%%
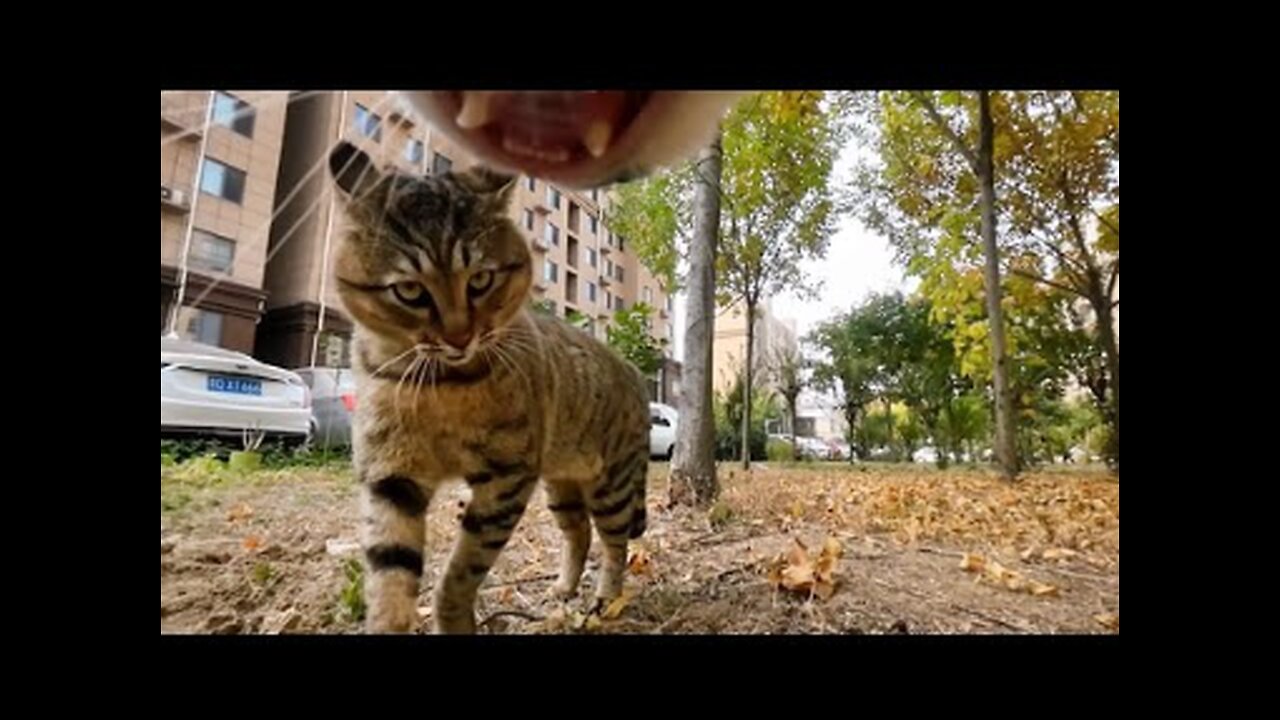 Cat with GoPro fights and asserts dominance Compilation Douyin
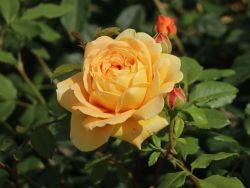 Englische Rose 'Golden Celebration' - Rosa 'Golden Celebration'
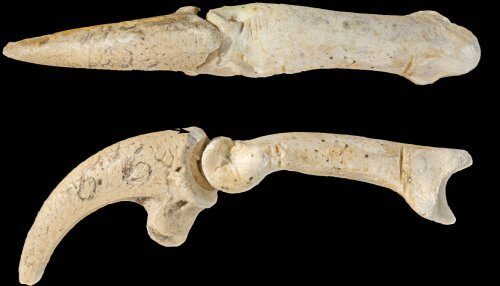Ученые нашли огромную мастерскую неандертальцев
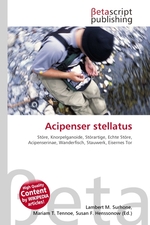 Acipenser stellatus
%%
### Task
Copy the full listing above exactly, apart from the pictures.

### Task output
 Cat with GoPro fights and asserts dominance Compilation Douyin
 Englische Rose 'Golden Celebration' - Rosa 'Golden Celebration'
Ученые нашли огромную мастерскую неандертальцев
 Acipenser stellatus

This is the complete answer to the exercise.